REQUIRED ACTION: Please copy all of the data that follows exactly, leaving any pictures out.

EXERCISE DATA:
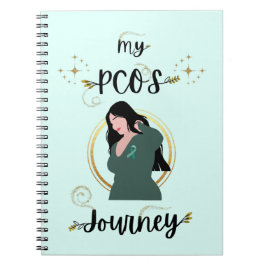 Meine PCOS Reise - Frau mit Aquamarinem Ribbon Gol Notizblock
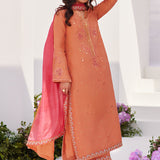 Farah Talib Aziz | Designer Picks 24 | ELYNA CORAL EMBROIDERED RAW SILK SHIRT AND DUPATTA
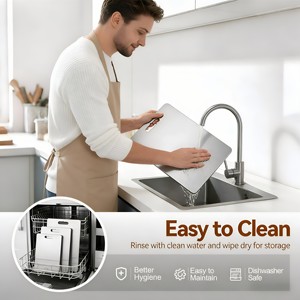 Tagliere Multifunzione in Acciaio Inossidabile Spessore Rinforzato Titanio 1-1.5mm, Antibatterico Anti-Muffa, per Carne e Cucina - Product Image 6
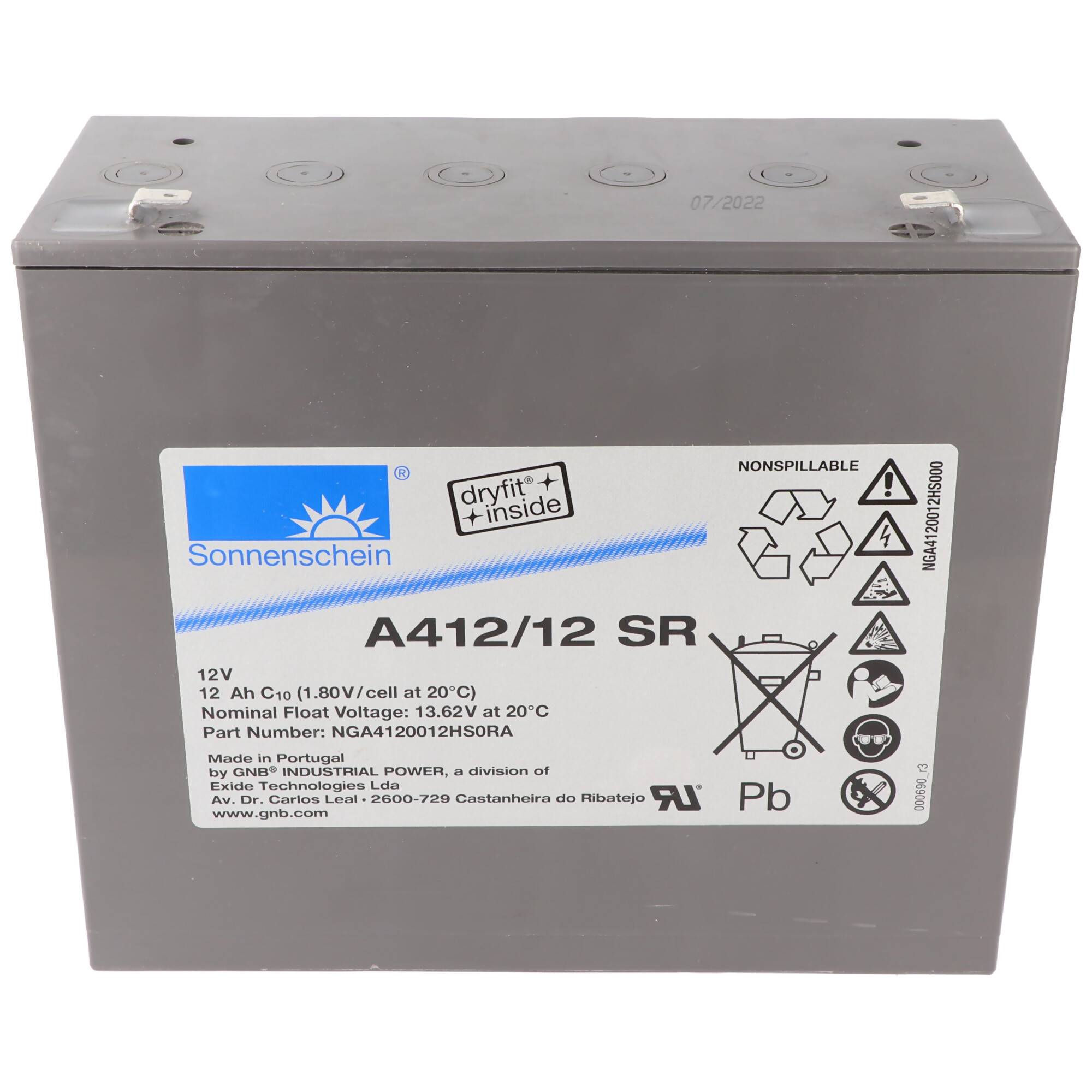 Eine graue Sonnenschein 12V versiegelte Batterie mit der Bezeichnung „A412/12 SR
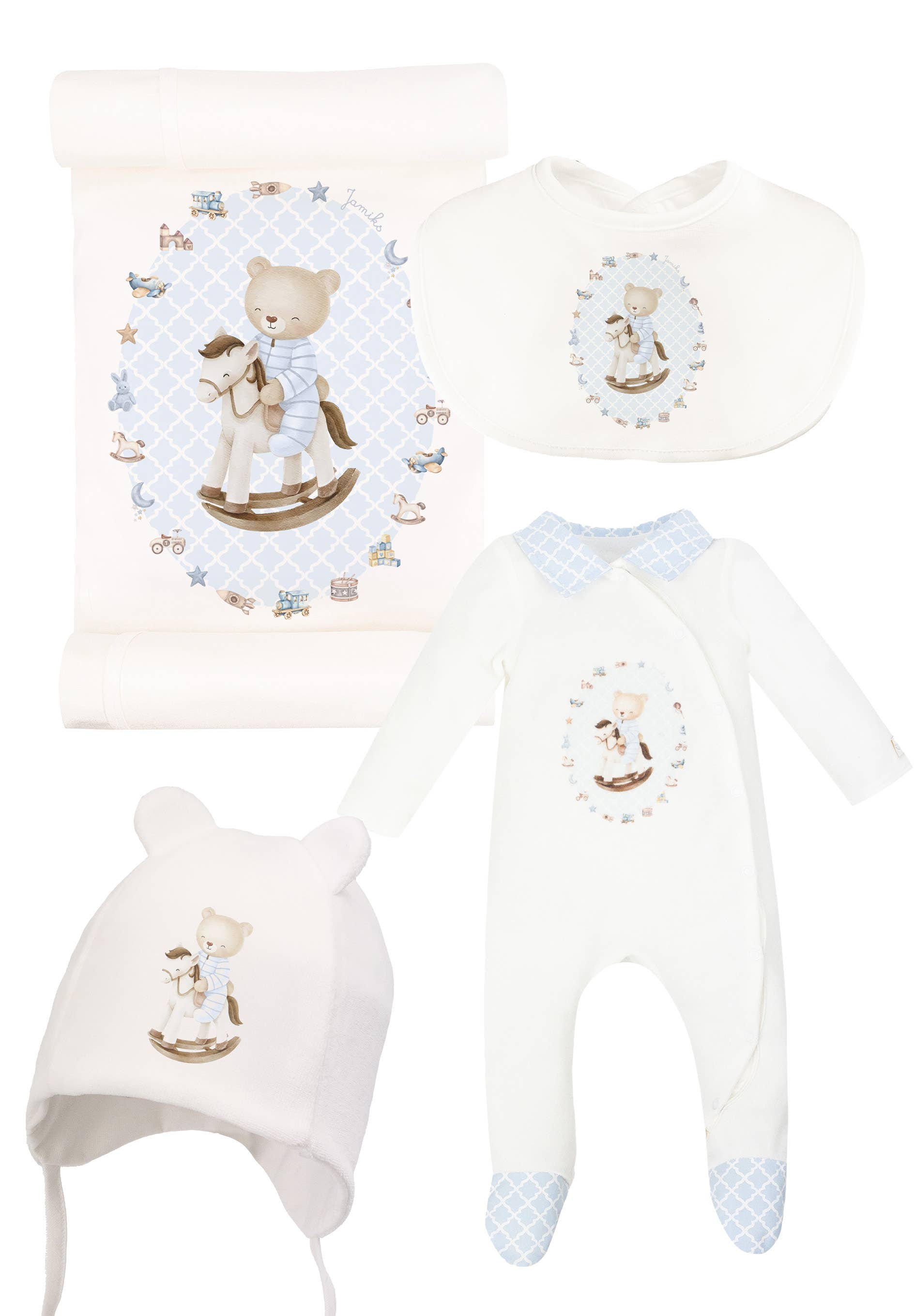 Cotton Velour Babygrow for Boys Andretti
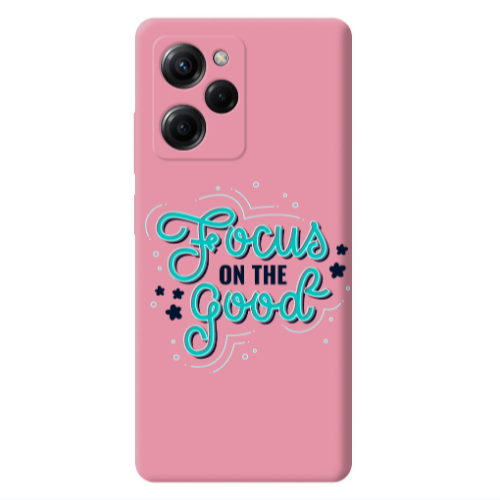 Xiaomi Poco X5 Pro Focus On The Good Pink Colored Silicone TPU Θήκη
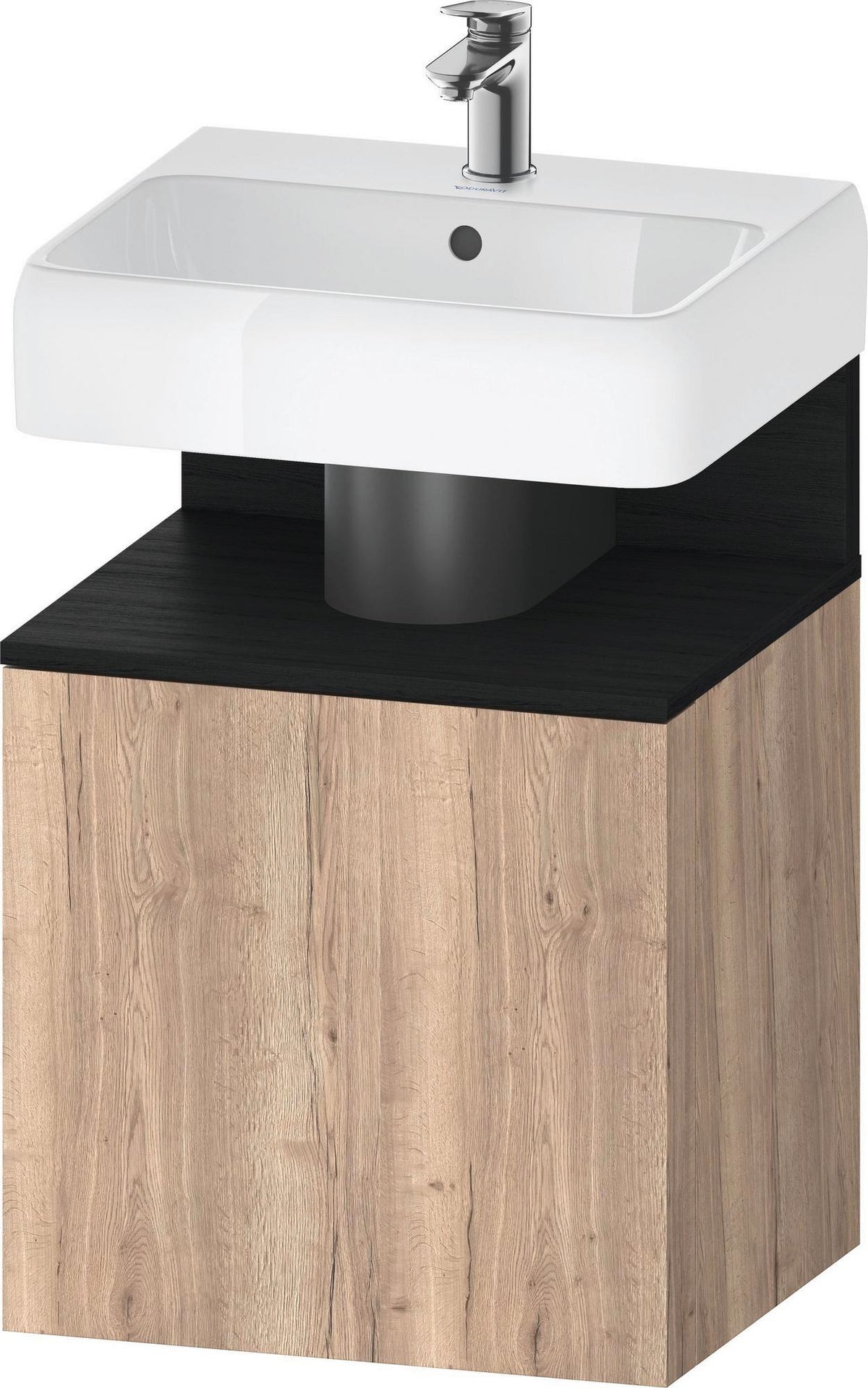 DURAVIT Qatego Waschtischunterbau 490 mm wandhängend, 1 Tür links, Weiß Matt mit Eiche Schwarz Nische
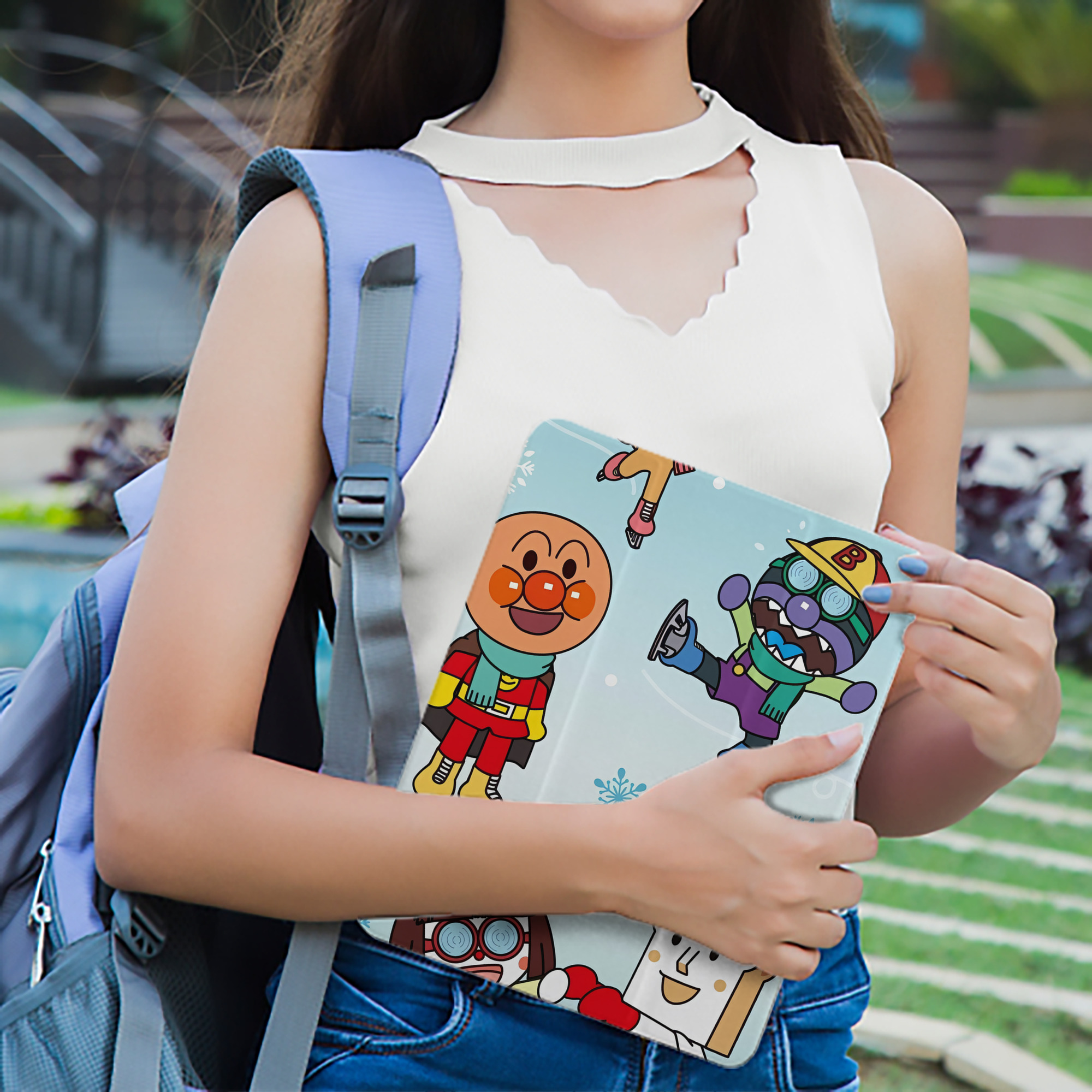 アンパンマン Anpanman IPad ケース ペン収納付き 三つ折りスタンド PUレザー×シリコン 対応機種9.5/10.5/10.9インチ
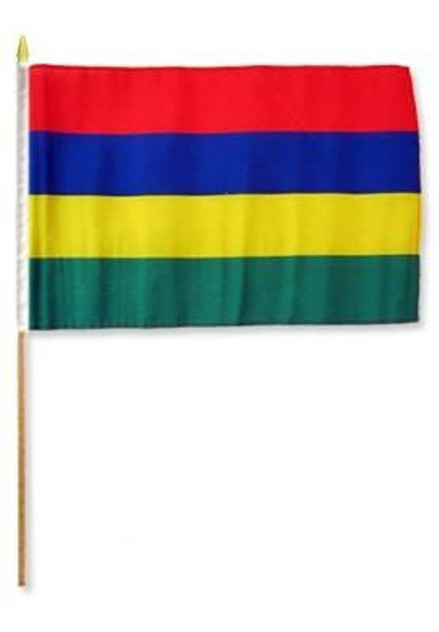 Mauritius 12" x 18" Mounted Flag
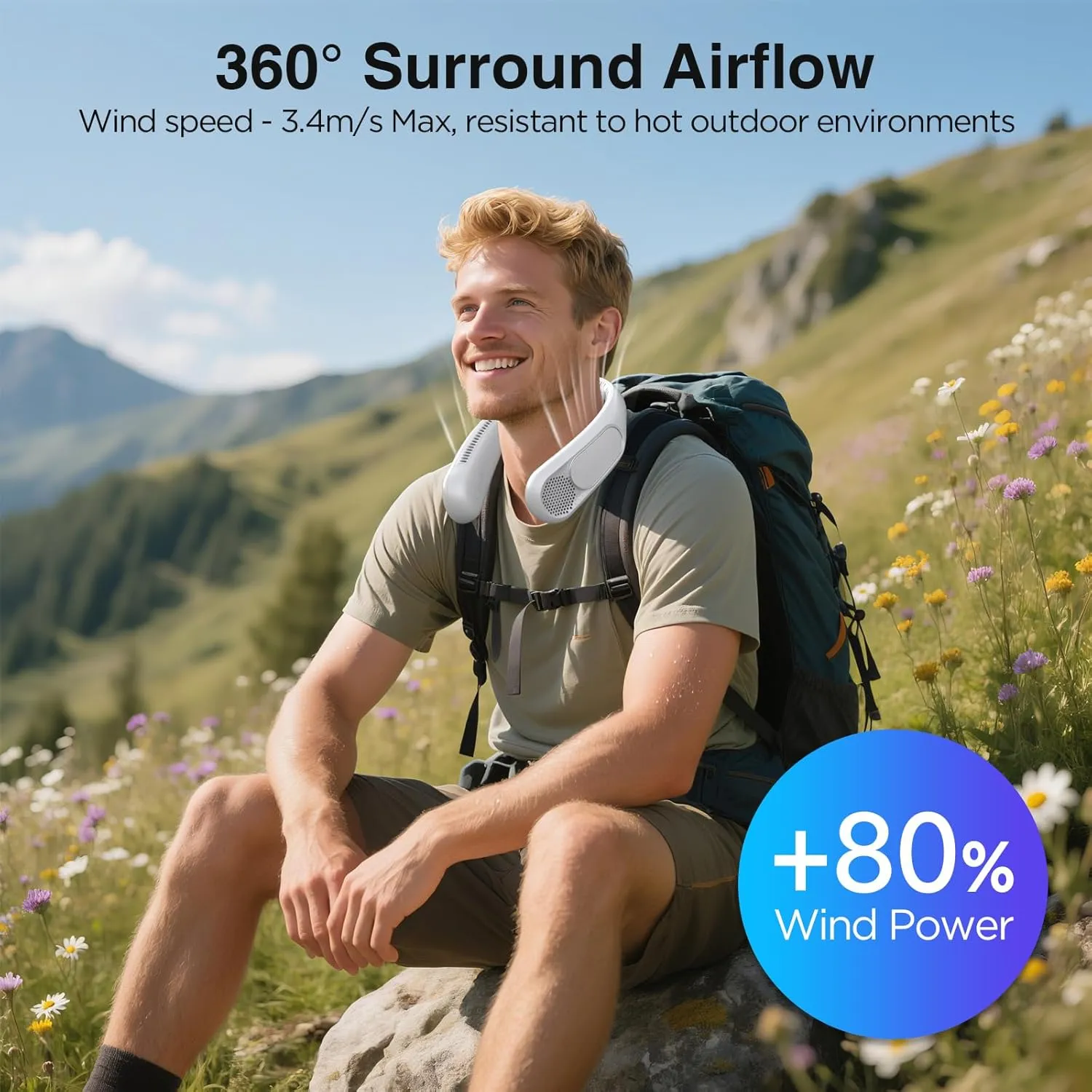 Neck Fan, Hands Free Bladeless Neck Fans Portable Rechargeable, 6000 mAh Battery Operated Wearable Personal Fan, Cooling Neck Fan, 3 Speeds, USB Fan Gifts for Men, Women, Travel, Outdoor
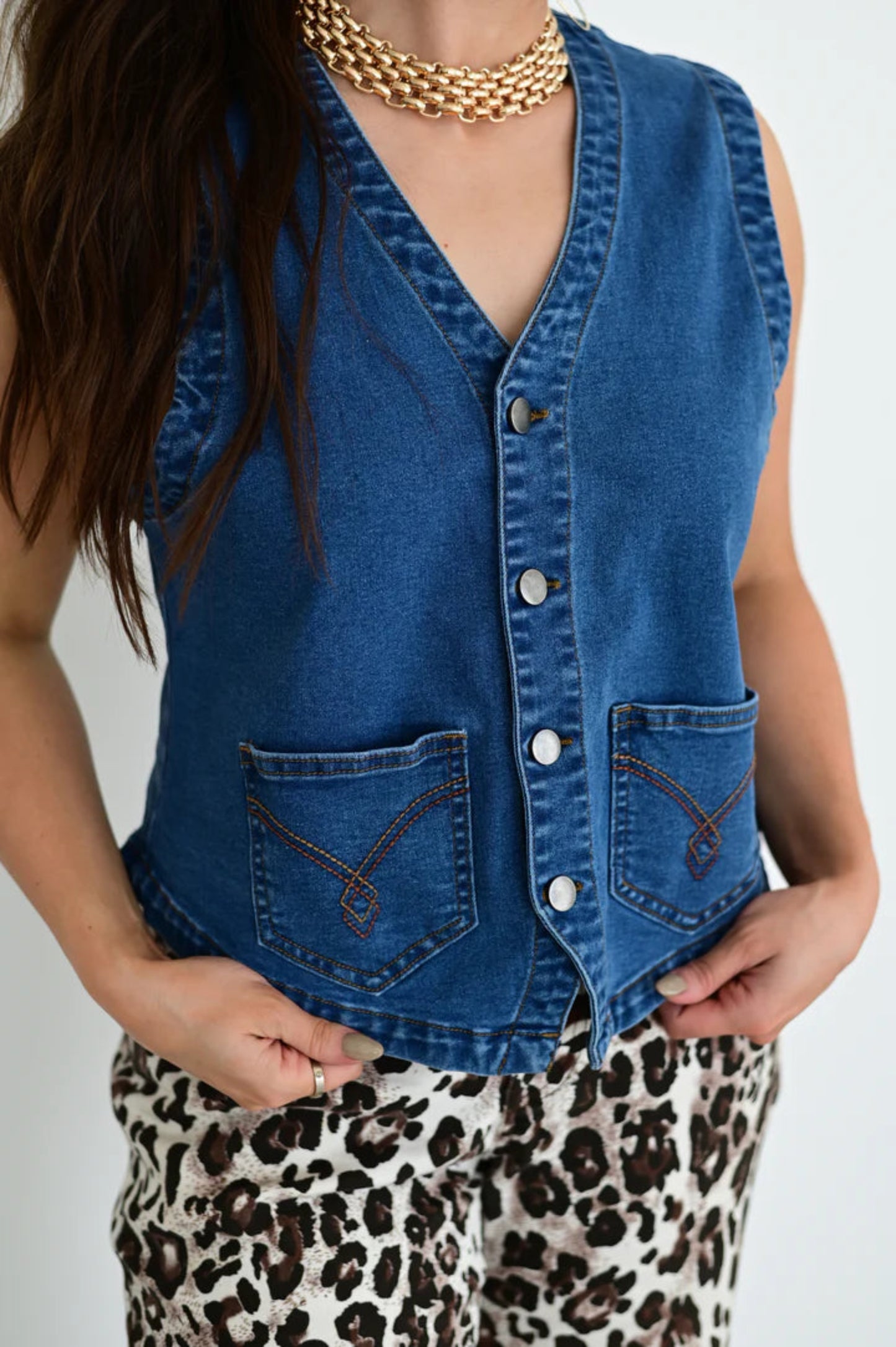 Vintage-Inspired Denim Vest by Turquoise Haven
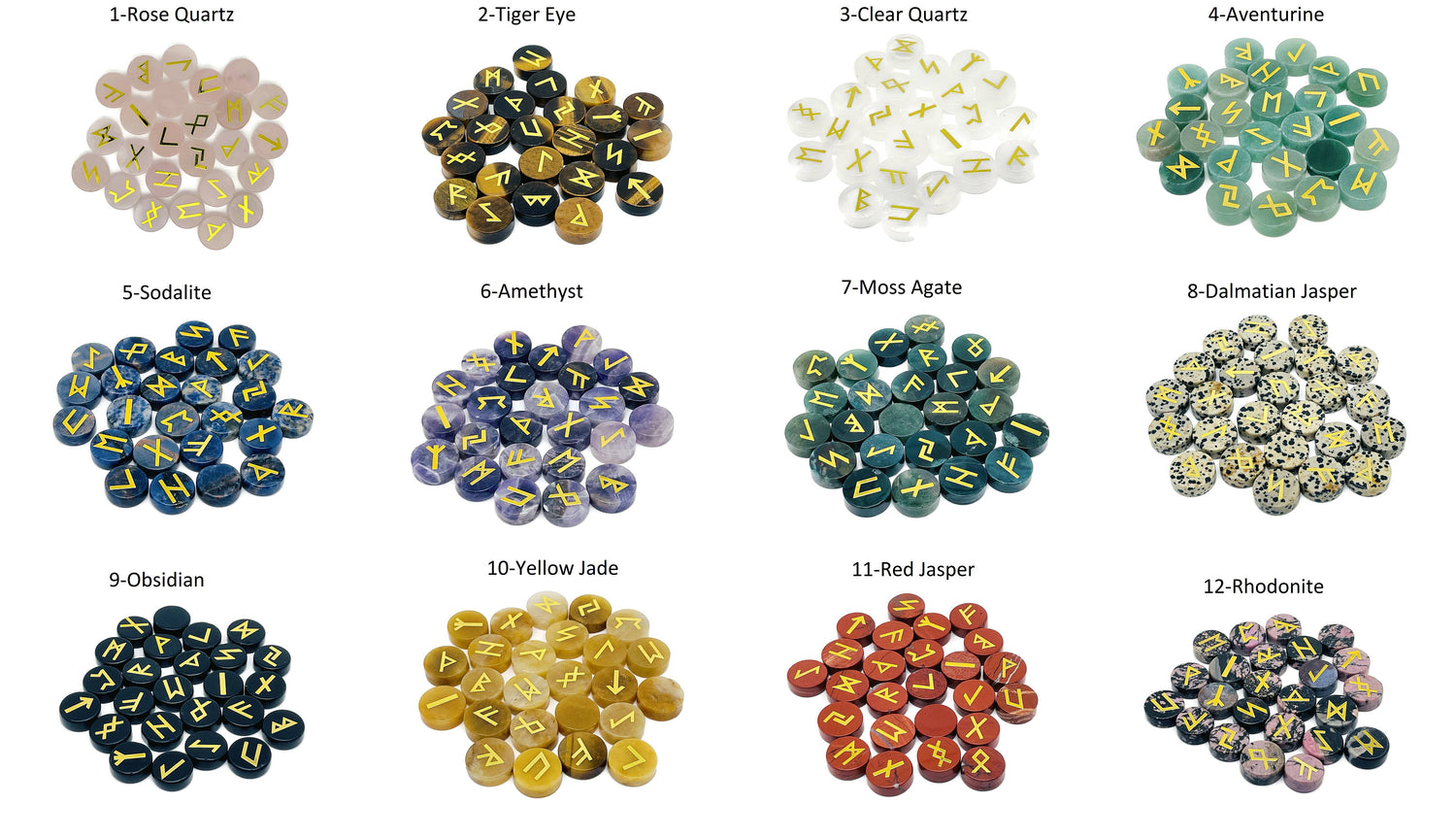 Ensemble de pierres runiques en cristal - Alphabet Futhark ancien gravé, 25 runes - Pierres de poche - Choisissez votre pierre précieuse - CHMIX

COMPLETED TASK:
 Meine PCOS Reise - Frau mit Aquamarinem Ribbon Gol Notizblock
 Farah Talib Aziz | Designer Picks 24 | ELYNA CORAL EMBROIDERED RAW SILK SHIRT AND DUPATTA
 Tagliere Multifunzione in Acciaio Inossidabile Spessore Rinforzato Titanio 1-1.5mm, Antibatterico Anti-Muffa, per Carne e Cucina - Product Image 6
 Eine graue Sonnenschein 12V versiegelte Batterie mit der Bezeichnung „A412/12 SR
 Cotton Velour Babygrow for Boys Andretti
 Xiaomi Poco X5 Pro Focus On The Good Pink Colored Silicone TPU Θήκη
 DURAVIT Qatego Waschtischunterbau 490 mm wandhängend, 1 Tür links, Weiß Matt mit Eiche Schwarz Nische
 アンパンマン Anpanman IPad ケース ペン収納付き 三つ折りスタンド PUレザー×シリコン 対応機種9.5/10.5/10.9インチ
 Mauritius 12" x 18" Mounted Flag
 Neck Fan, Hands Free Bladeless Neck Fans Portable Rechargeable, 6000 mAh Battery Operated Wearable Personal Fan, Cooling Neck Fan, 3 Speeds, USB Fan Gifts for Men, Women, Travel, Outdoor
 Vintage-Inspired Denim Vest by Turquoise Haven
 Ensemble de pierres runiques en cristal - Alphabet Futhark ancien gravé, 25 runes - Pierres de poche - Choisissez votre pierre précieuse - CHMIX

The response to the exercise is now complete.